Um bom networking é fundamental
A lenda diz que cientistas brilhantes trabalham sozinhos em porões escuros fazendo as mais loucas descobertas. Quem tem um mínimo de experiência na Academia sabe o quanto a realidade está longe disso. Para fazer boa ciência, não apenas hoje em dia, como desde sempre, é preciso interagir com seus pares, ler os trabalhos que eles escrevem, participar de conferências e fazer visitas a outros laboratórios. Um bomnetworking permite não apenas que você tenha acesso em primeira mão a novidades científicas, como também pode alavancar a sua carreira. É frequentando congressos que você torna seus artigos conhecidos; uma coisa alimenta a outra. Além disso, no seu dia a dia, ajude os seus colegas de laboratório e você receberá ajuda quando precisar.
Um projeto de pesquisa só termina após uma boa publicação
Uma boa publicação pode ser um artigo em uma revista científica revisada por pares, um livro ou uma patente, dependendo do foco do seu estudo e dos costumes na sua área. Monografias, TCCs, dissertações e teses, meras formalidades burocráticas, são apenas o começo do fim. E, além de publicar o seu estudo decentemente, você tem que almejar relevância: ele precisa ser lido, citado, usado, aplicado etc.

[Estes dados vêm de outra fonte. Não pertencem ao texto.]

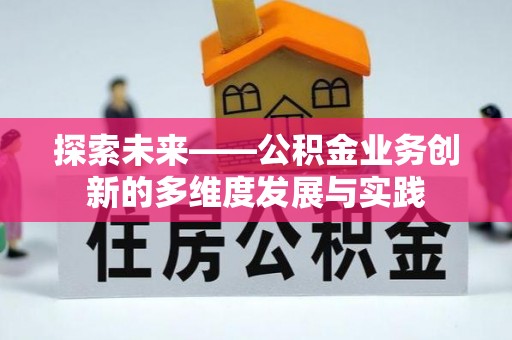 北竿探索未来——公积金业务创新的多维度发展与实践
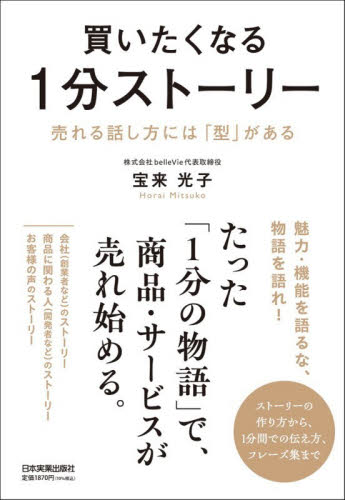 買いたくなる１分ストーリー　売れる話し方には「型」がある 宝来光子／著 セールス、営業の本の商品画像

Se você quiser ser tratado como profissional desde cedo, vá para fora
Apesar de haverem no Brasil pessoas preocupadas com a situação precária dos pós-graduandos, que, mesmo sendo difamadas por quem deveria aplaudi-las, fazem propostas concretas para tentar melhorar as condições de trabalho deles, a mentalidade dominante é retrógrada e avessa a mudanças. Portanto, se você quiser receber um excelente treinamento de cientista e, ao mesmo tempo, ter direitos trabalhistas como férias, décimo terceiro, aviso prévio etc., vá cursar o seu mestrado ou doutorado fora do Brasil, de preferência nos países ricos da Europa. Na Alemanha, por exemplo, mestrandos e doutorandos têm três opções para se sustentar: (i) ganhar uma bolsa acadêmica de uma agência de fomento governamental, ONG, OI, projeto ou universidade; (ii) receber um contrato de pesquisador (“CLT”) através de uma agência de fomento, projeto ou universidade; (iii) não ganhar nada e terem que manter um emprego paralelo à pós-graduação para pagar as contas. Enquanto o Brasil não acorda para o século XXI e abandona velhas manias, considere seriamente a alternativa de estudar fora.